Adolf Lieben (3 December 1836 - 6 June 1914) was an Austrian-Jewish chemist. He was born in Vienna the son of Ignatz Lieben. He studied at the University of Vienna, University of Heidelberg (Ph.D. 1856 with Robert Wilhelm Bunsen), and Paris, and subsequently held the positions of privat-docent at the University of Vienna (1861), and professor in the universities of Palermo (1863), Turin (1867), and Prague (1871).
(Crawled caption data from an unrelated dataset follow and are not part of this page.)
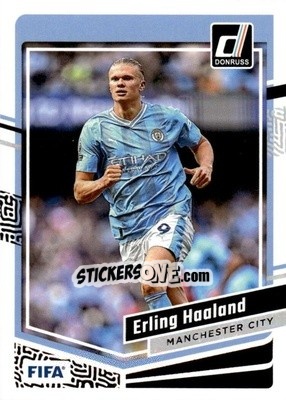 Cromo Erling Haaland - Donruss Soccer 2023-2024
 n. 89 - Panini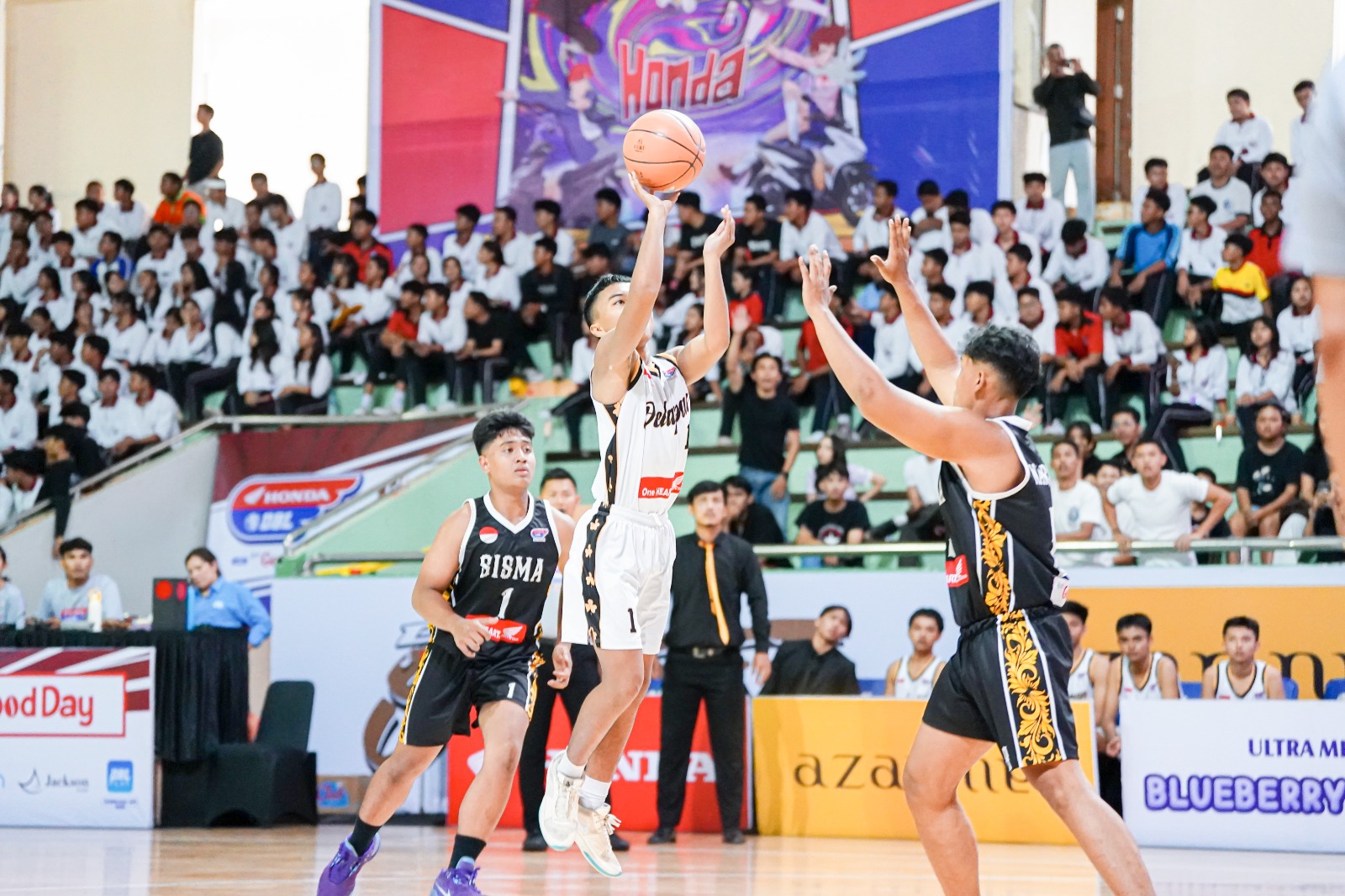 Honda DBL with Kopi Good Day 2025-2026 Dimulai di Pulau Dewata, Tempat Lahirnya Talenta Basket Indonesia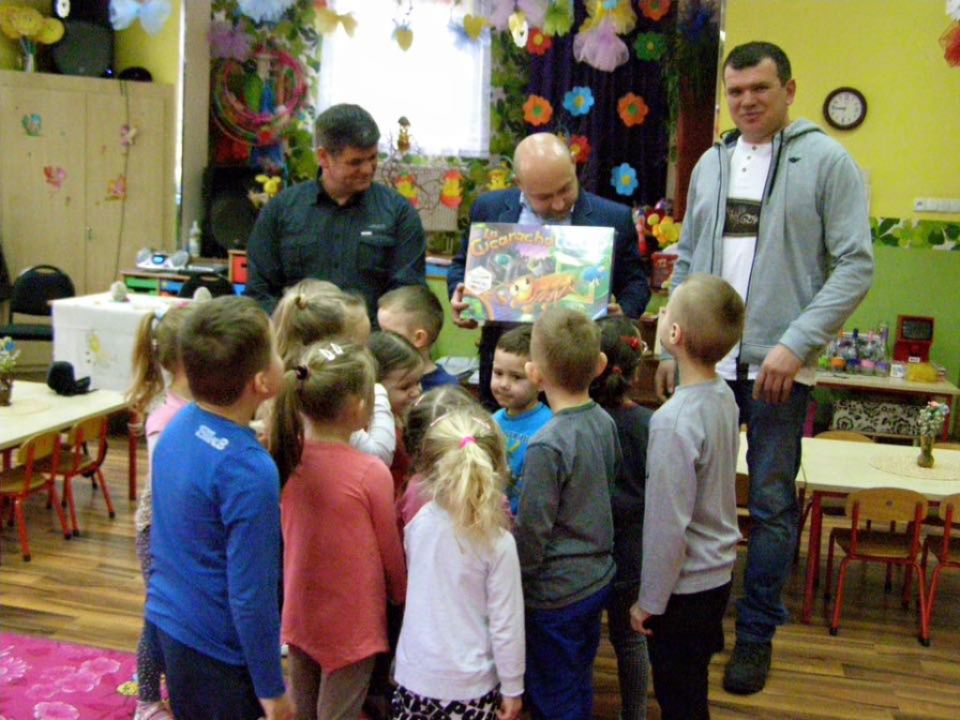 Zajączek w Przedszkolu w Jabłonnie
From 1875 until his death he held the chair of general and pharmacological chemistry at the University of Vienna, and was a member of the Vienna Academy of Sciences.

==Publications==
Lieben has published many essays in Liebig's Annalen der Chemie:
- "Ueber die Einwirkung schwacher Affinitäten auf Aldehyde," 1861;
- "Ueber das Iodbenzol," 1869;
- "Ueber festes Benzoylchlorid," 1875; etc.,
- "Sitzungsberichte den Kaiserlichen Akademie der Wissenschaften in Wien" ("Untersuchungen über Milchzucker," "Einwirkung von Cyangas auf Aldehyde," "Ueber den Formaldehyd und dessen Umwandlung in Methylalkohl," "Reduction des Exotonchlorals," etc.),
- "Monatshefte für Chemie,"
- "Comptes-Rendus de l'Académie de Paris,"
- "Berichte der Deutschen Chemischen Gesellschaft, Berlin,"
- "Gazzetta Chimica Italiana, Palermo," etc.